Work item: Only the lines below from the one containing "12 Pcs Artificial" through the one containing "3D rendering illustration" belong in the answer, repeated exactly and without pictures.

Data for review:
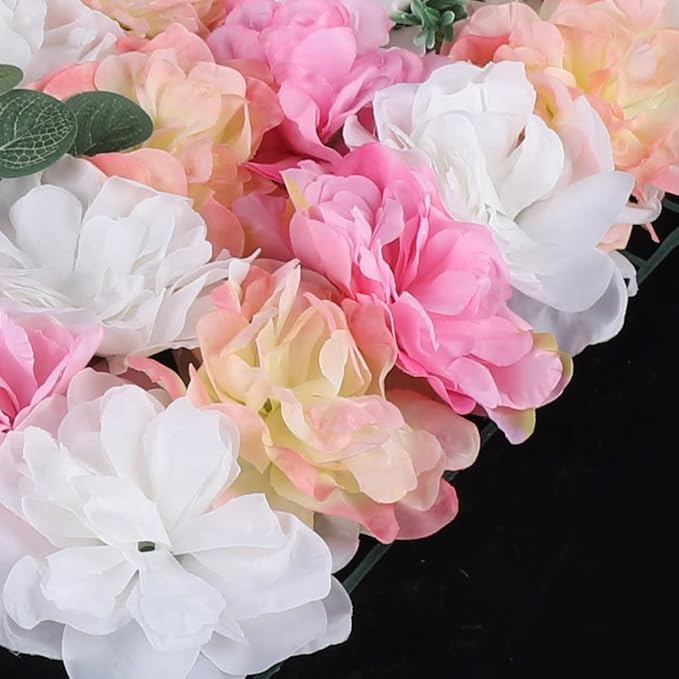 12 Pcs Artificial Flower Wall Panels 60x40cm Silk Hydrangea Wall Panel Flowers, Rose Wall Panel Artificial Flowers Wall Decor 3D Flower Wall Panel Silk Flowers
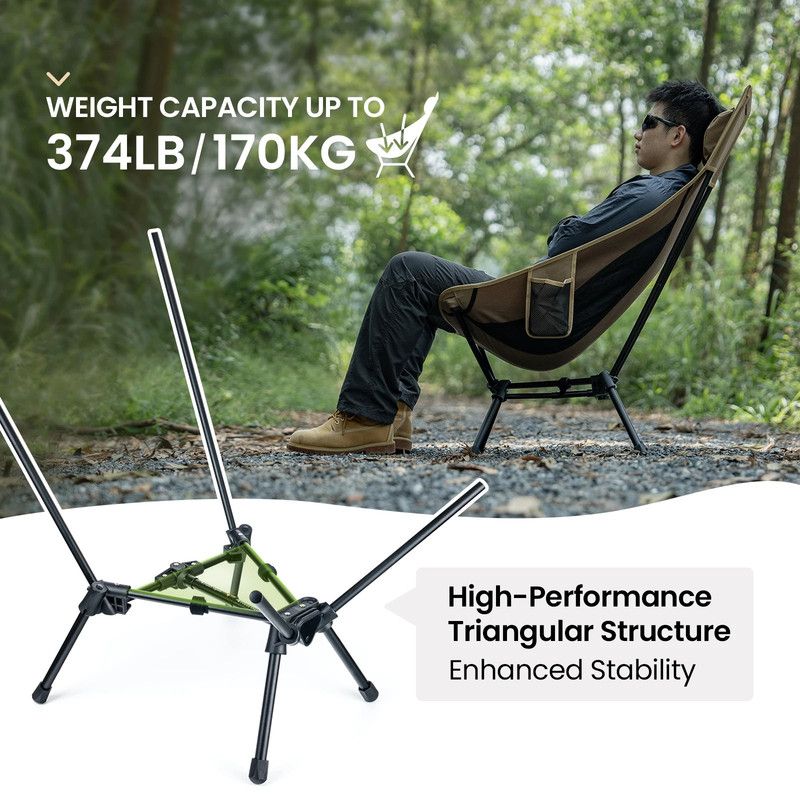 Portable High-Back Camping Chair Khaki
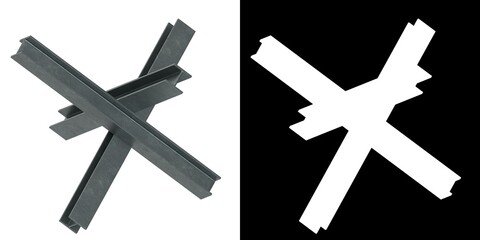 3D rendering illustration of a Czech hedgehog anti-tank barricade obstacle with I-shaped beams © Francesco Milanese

--

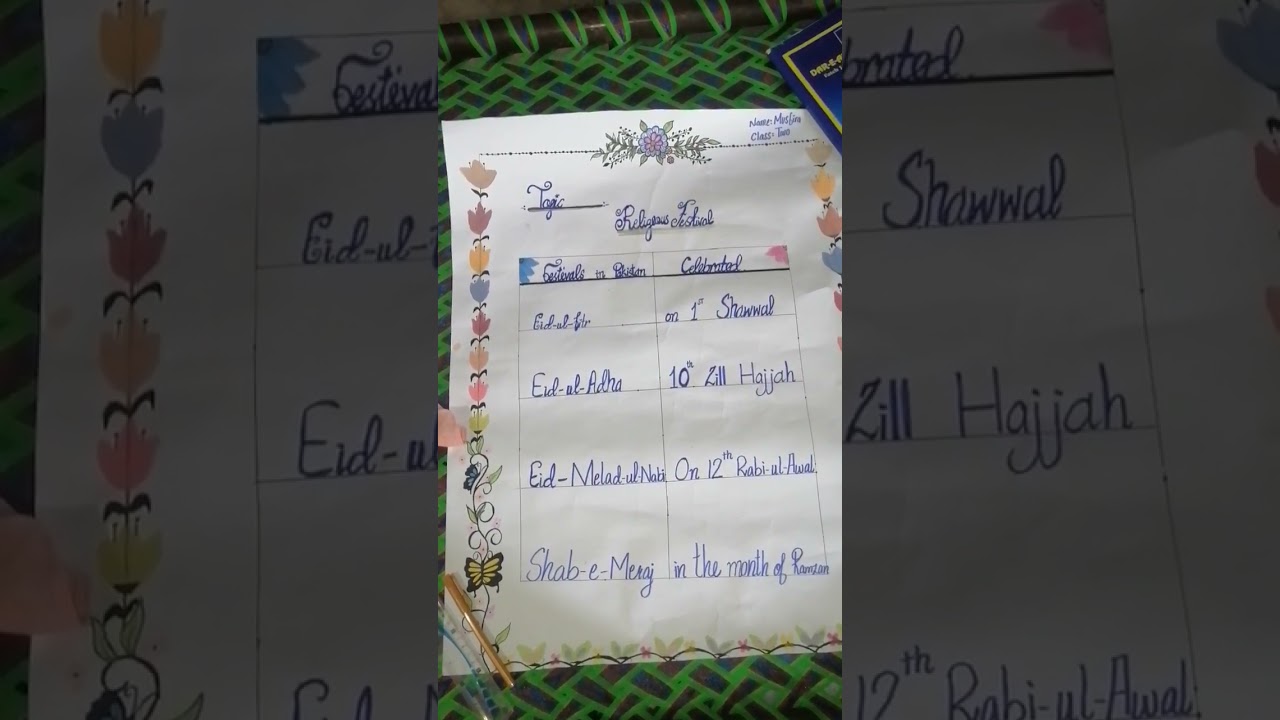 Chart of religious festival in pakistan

Final answer:
 12 Pcs Artificial Flower Wall Panels 60x40cm Silk Hydrangea Wall Panel Flowers, Rose Wall Panel Artificial Flowers Wall Decor 3D Flower Wall Panel Silk Flowers
 Portable High-Back Camping Chair Khaki
 3D rendering illustration of a Czech hedgehog anti-tank barricade obstacle with I-shaped beams © Francesco Milanese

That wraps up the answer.